As duas PECs que tramitam em conjunto propõem mudanças significativas na jornada de trabalho:

  • PEC 221/2019 (Reginaldo Lopes/PT-MG): reduz a carga horária máxima das atuais 44 para 36 horas semanais, em transição gradual ao longo de dez anos. 
  • PEC 8/2025 (Erika Hilton/PSOL-SP): estabelece jornada de quatro dias de trabalho por semana, com limite de 36 horas e três dias de descanso.

A Constituição atual fixa limite de até 44 horas semanais e oito horas diárias, sem vedar a escala 6×1. Apenas determina um descanso semanal remunerado, preferencialmente aos domingos.

Governo entra na jogada com projeto de lei

Temendo a demora do rito das PECs, que exigem votação em dois turnos com quórum de 308 votos na Câmara e depois no Senado, o presidente Lula enviou ao Congresso, na semana passada, um projeto de lei (PL) com urgência constitucional.

A proposta do governo é mais moderada: reduz a jornada de 44 para 40 horas semanais, garante dois dias de descanso e proíbe redução salarial. O regime de urgência dá 45 dias para votação ou, caso contrário, a pauta da Câmara fica trancada.

O ministro do Trabalho, Luiz Marinho, explicou a estratégia: “Se a PEC for aprovada nesse prazo, evidentemente que o PL está prejudicado. Mas o rito da PEC é mais demorado. O PL pode entrar em vigor primeiro e depois a PEC consolidaria a mudança”.

Os argumentos

Para o relator da CCJ, deputado Paulo Azi (União-BA), o debate é constitucional e deve avançar: “A simples autonomia negocial coletiva é insuficiente para promover avanços na temática da redução da jornada”.

O autor da PEC 221/2019, Reginaldo Lopes (PT-MG), destacou o alcance social da medida: “Estamos falando de 31,7 milhões de trabalhadores que mais trabalham e menos ganham.
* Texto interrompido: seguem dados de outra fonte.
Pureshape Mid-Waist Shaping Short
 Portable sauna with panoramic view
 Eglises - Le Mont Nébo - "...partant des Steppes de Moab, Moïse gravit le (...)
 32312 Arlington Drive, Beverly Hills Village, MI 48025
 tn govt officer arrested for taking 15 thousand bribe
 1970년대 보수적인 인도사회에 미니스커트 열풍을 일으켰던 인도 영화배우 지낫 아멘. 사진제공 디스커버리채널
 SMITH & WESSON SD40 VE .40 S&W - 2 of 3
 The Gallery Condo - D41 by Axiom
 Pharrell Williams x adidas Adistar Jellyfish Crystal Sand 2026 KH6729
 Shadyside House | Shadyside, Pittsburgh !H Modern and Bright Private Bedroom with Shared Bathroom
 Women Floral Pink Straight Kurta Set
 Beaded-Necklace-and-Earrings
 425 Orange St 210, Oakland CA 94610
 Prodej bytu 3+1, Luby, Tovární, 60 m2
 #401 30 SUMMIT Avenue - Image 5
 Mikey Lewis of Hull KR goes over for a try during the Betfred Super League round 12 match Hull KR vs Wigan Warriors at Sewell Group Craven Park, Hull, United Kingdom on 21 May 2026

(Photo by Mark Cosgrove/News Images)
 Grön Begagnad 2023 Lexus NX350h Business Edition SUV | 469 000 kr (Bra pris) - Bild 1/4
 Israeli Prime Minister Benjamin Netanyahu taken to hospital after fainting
A redução da jornada é necessária para garantir dignidade e melhorar qualidade de vida”.

Próximos passos

O presidente da Câmara, Hugo Motta, afirmou que a comissão especial será criada nos próximos dias, com meta de votar a proposta no plenário ainda no primeiro semestre.

Os partidos já se articulam nos bastidores: há conversas para reduzir a jornada não para 36 horas, mas para 40 horas semanais, com dois dias de descanso, modelo mais próximo ao do governo, para acelerar o consenso.

Há duas frentes em disputa: as PECs, que mudam a Constituição e tornam a mudança permanente, mas enfrentam rito mais travado; e o PL do governo, mais rápido, mas que pode ser alterado no futuro por outro presidente. A aprovação da CCJ foi apenas o primeiro round.